[Collection entries]
• • • • • • •
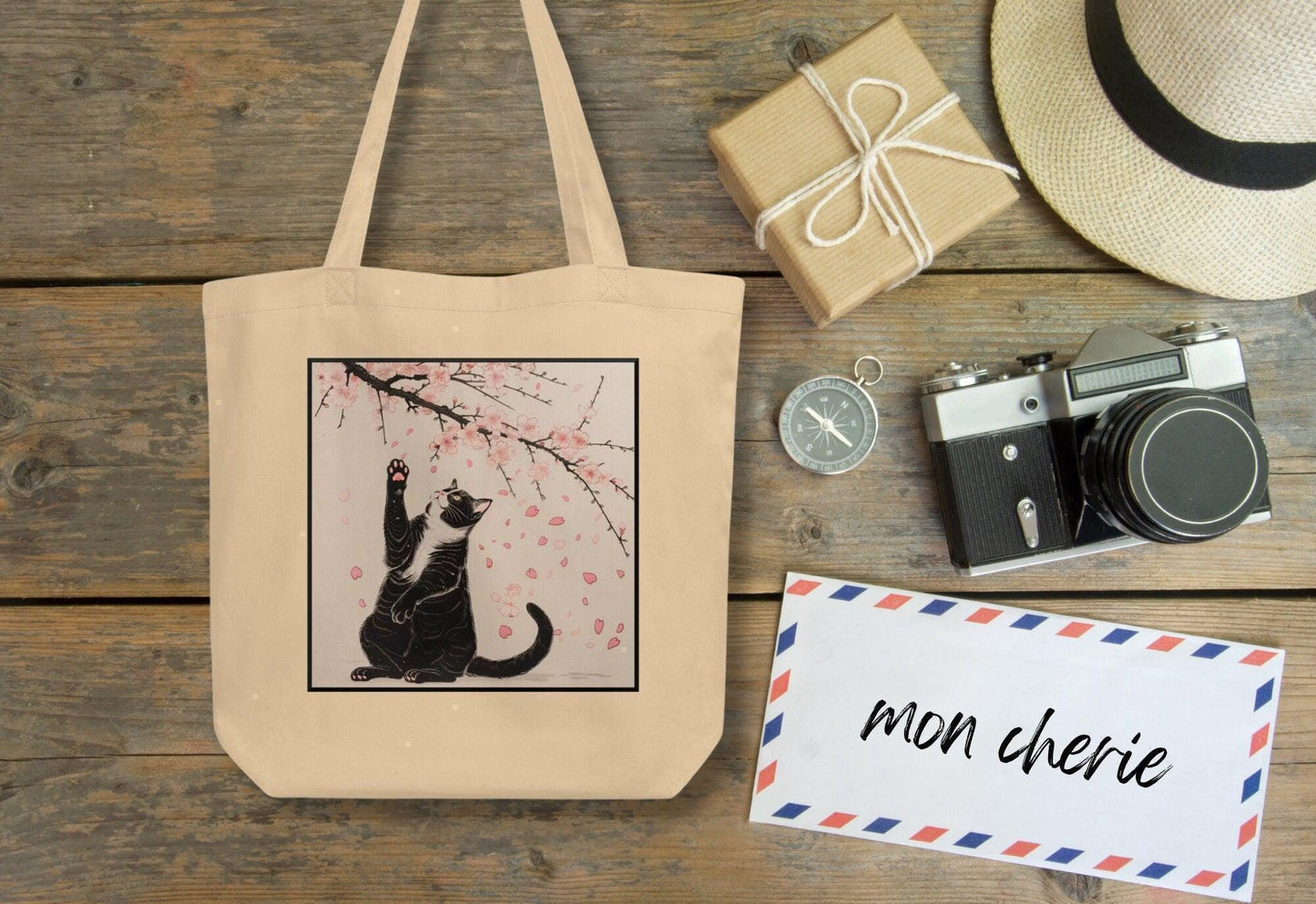 Tuxedo Cat Cherry Blossoms Organic Cotton Tote Bag - Aphantastic Designs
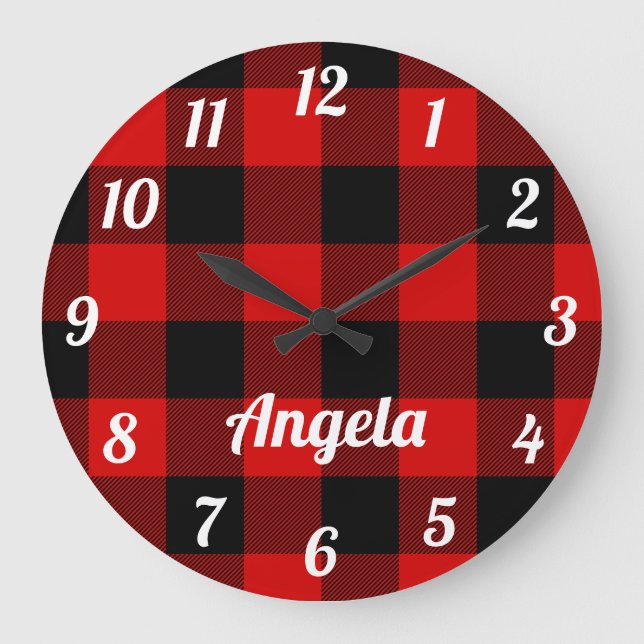 Personalised Red and Black Buffalo Plaid Large Clock (Front)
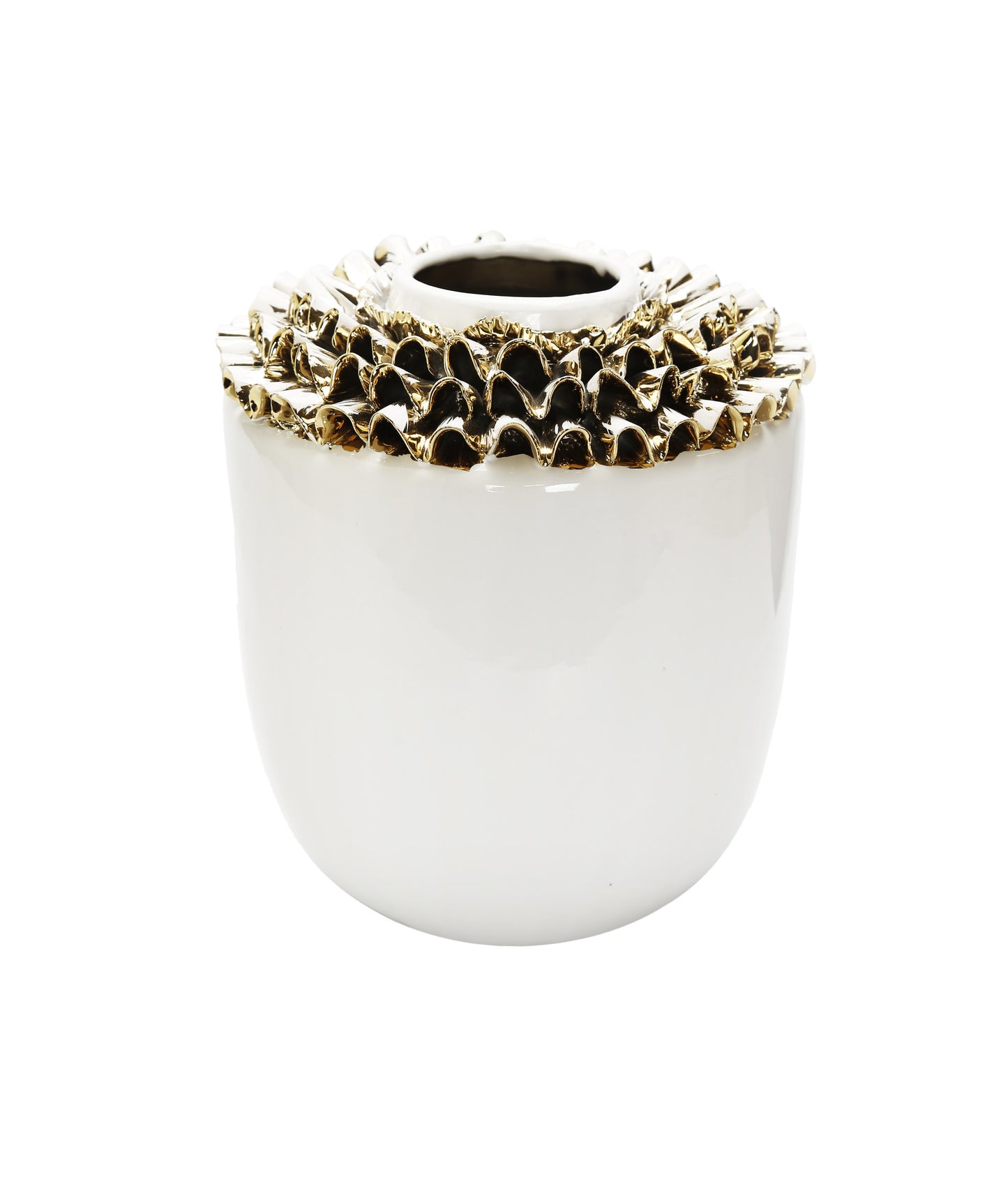 10" White Round Ceramic Table Vase With Sculptural Details - Loft&Timber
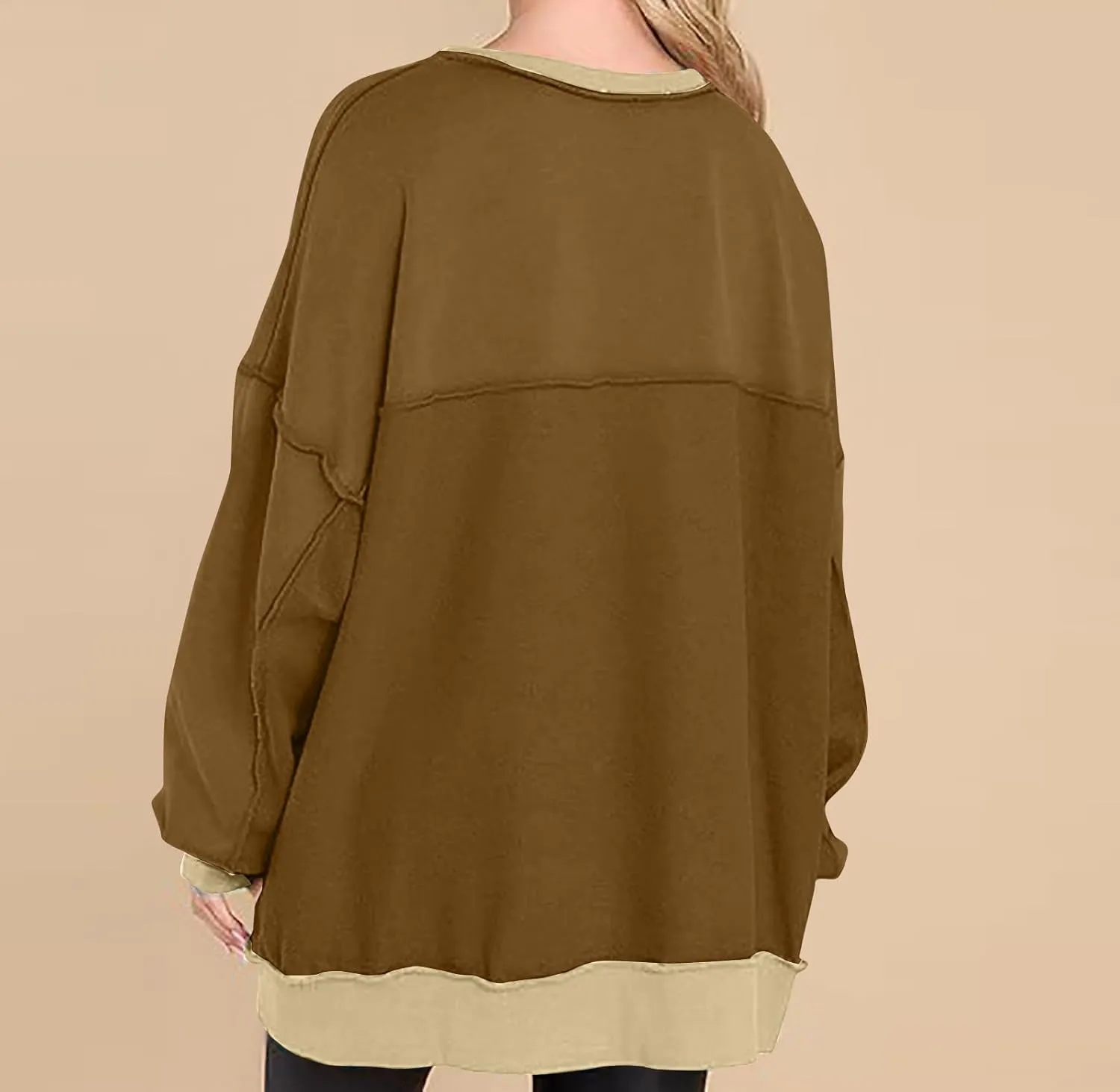 Women Oversized V Neck Side Slit Long Sleeve Pullover Shirts Splicing Cute Fall Fashion Casual Hoodies Sweatshirt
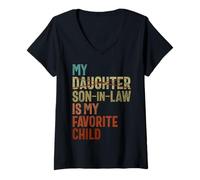 Femme My Son In Law Is My Favorite Child Retro Remplacé Daughter T-Shirt avec Col en V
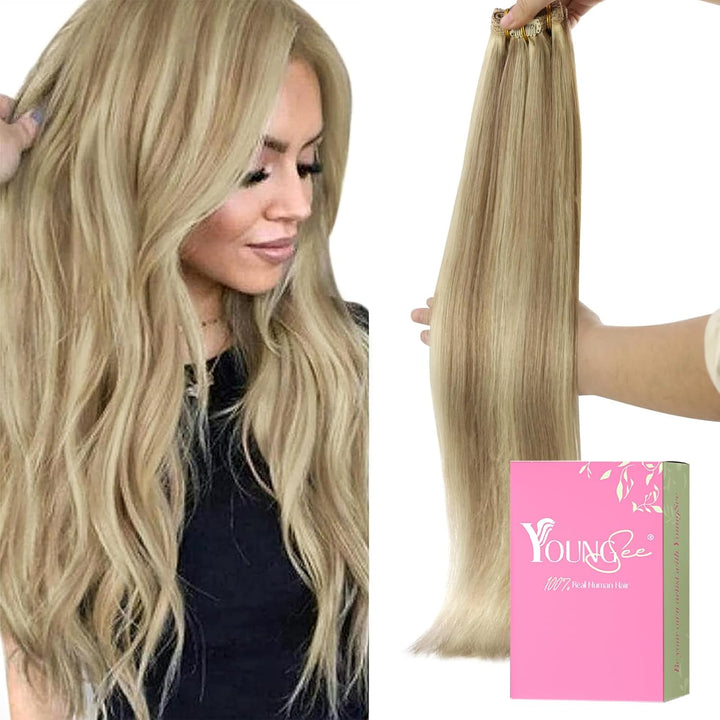 YoungSee Clip in Extensions Echthaar Blond Gesträhnt 40 cm 120g 7 Stück Extensions Echthaar Clip Gol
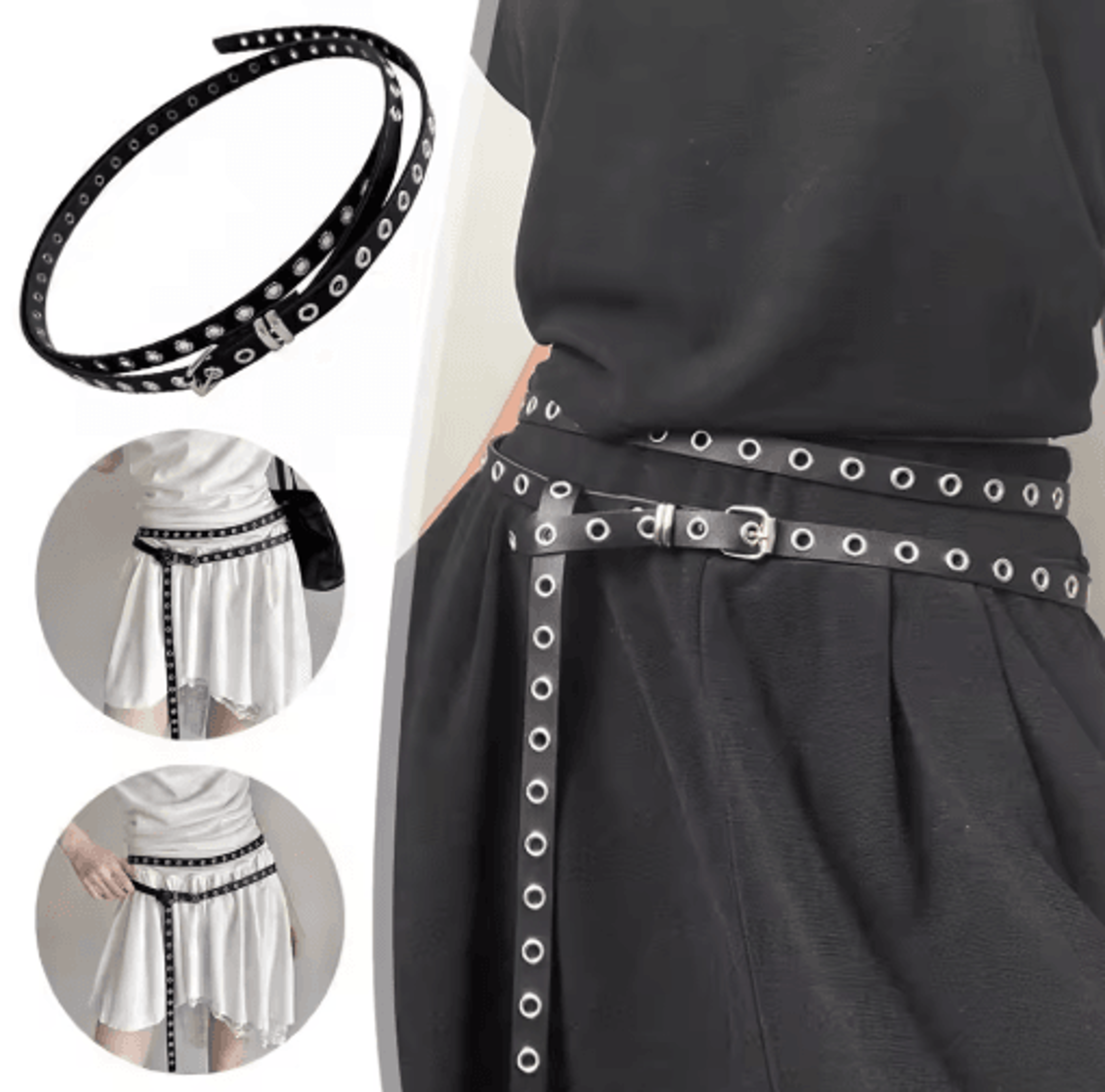 double circle pu leather belt for women thin studded punk waist belt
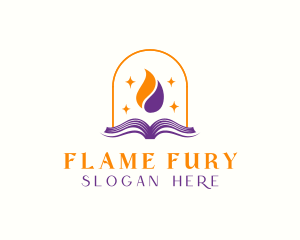 Flame Book Library logo design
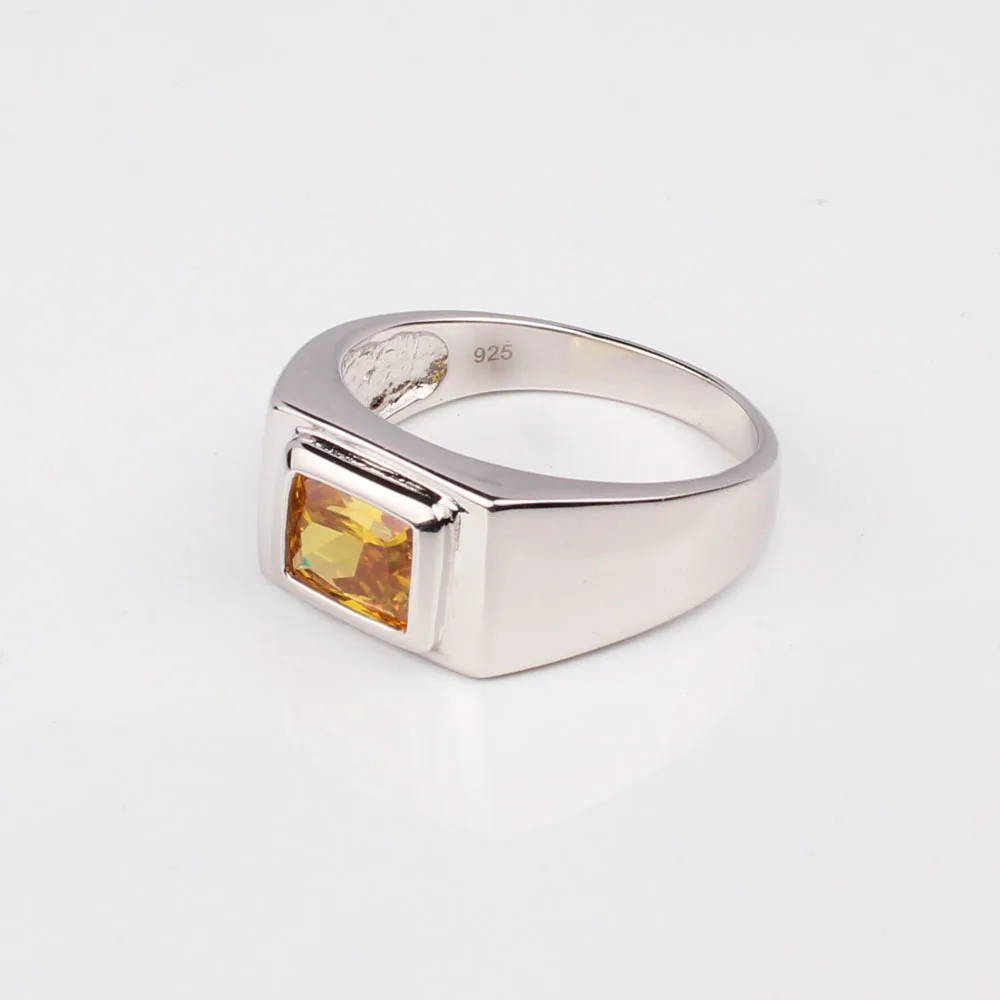 Мужское серебряное кольцо с фианитом 7x9 мм|jewelry resin|jewelry metaljewelry making supplies free shipping |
• • • • • • •
### What is needed
Restate the preceding entries in full, word for word, with the pictures removed.

### Result of the task
 Tuxedo Cat Cherry Blossoms Organic Cotton Tote Bag - Aphantastic Designs
 Personalised Red and Black Buffalo Plaid Large Clock (Front)
 10" White Round Ceramic Table Vase With Sculptural Details - Loft&Timber
 Women Oversized V Neck Side Slit Long Sleeve Pullover Shirts Splicing Cute Fall Fashion Casual Hoodies Sweatshirt
 Femme My Son In Law Is My Favorite Child Retro Remplacé Daughter T-Shirt avec Col en V
 YoungSee Clip in Extensions Echthaar Blond Gesträhnt 40 cm 120g 7 Stück Extensions Echthaar Clip Gol
 double circle pu leather belt for women thin studded punk waist belt
 Flame Book Library logo design
 Мужское серебряное кольцо с фианитом 7x9 мм|jewelry resin|jewelry metaljewelry making supplies free shipping |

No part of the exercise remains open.